1963–1993 South Korean political faction

Hanahoe was an unofficial private group and secret society of military officers in South Korea headed by Chun Doo-hwan, who later became the South Korean president during the Fifth Republic era.

== History ==
An article in the Encyclopedia of Korean Culture traces the group's origins to the private group Chilsonghoe in 1958 that was formed by seven people, including Chun Doo-hwan, Roh Tae-woo, and Chung Ho-yong. The group was an expansion of the group Osunghoe, formed in 1951, which had five members-Roh, Chun, Kim Bok-dong, Choi Sung-taek, Park Byung-ha, and Chilsonghoe included two more members-Jung Ho-yong and Kwon Yik-hyon.

Initially formed by graduates of the eleventh class of the Korea Military Academy in 1955, Hanahoe built up its ranks by recruiting three to four members per subsequent classes of the KMA, mostly from Gyeongsang Province. Hanahoe formed the core of the group that eventually took control of the presidency and government from Choi Kyu-hah in the December 12, 1979 and the Coup d'état of May Seventeenth, 1980, ending the Fourth Republic. Subsequently, Hanahoe also played an instrumental role in violent suppression of the Gwangju Uprising.

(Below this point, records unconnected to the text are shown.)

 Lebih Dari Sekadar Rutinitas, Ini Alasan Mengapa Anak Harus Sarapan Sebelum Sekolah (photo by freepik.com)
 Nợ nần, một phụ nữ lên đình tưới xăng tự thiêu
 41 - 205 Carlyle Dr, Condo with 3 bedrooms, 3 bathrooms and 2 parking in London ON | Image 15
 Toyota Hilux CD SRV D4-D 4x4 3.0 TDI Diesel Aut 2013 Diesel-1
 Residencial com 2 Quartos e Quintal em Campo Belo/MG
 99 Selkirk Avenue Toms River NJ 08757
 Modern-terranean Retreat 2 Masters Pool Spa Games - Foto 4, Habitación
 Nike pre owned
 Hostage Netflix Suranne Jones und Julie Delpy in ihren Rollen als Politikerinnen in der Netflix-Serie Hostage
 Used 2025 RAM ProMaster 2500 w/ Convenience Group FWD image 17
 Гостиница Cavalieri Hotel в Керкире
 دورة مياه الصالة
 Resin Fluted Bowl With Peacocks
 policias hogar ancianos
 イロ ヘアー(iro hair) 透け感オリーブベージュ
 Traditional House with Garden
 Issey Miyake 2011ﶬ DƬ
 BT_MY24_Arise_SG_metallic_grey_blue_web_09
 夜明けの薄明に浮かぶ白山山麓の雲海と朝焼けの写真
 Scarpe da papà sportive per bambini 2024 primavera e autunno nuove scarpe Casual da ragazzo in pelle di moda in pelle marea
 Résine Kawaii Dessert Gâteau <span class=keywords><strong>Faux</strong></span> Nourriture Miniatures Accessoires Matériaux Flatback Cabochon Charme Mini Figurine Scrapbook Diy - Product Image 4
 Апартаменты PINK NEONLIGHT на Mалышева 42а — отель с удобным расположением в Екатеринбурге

After its initial seizure of power, Hanahoe maintained great influence in South Korean politics throughout the 1980s, but was later disbanded by force in 1993 upon inauguration of Kim Young-sam. Chun Doo-hwan and Roh Tae-Woo, together with other members of Hanahoe, were convicted for their role in the two coups and Gwangju Massacre.

== In popular culture ==
- The 2005 TV series 5th Republic was the first mentioned media featuring the Hanahoe's 1979 coup and the entire history of the Fifth Republic of Korea.
- The 2023 South Korean film 12.12: The Day follows a fictionalized version of Hanahoe's 1979 coup.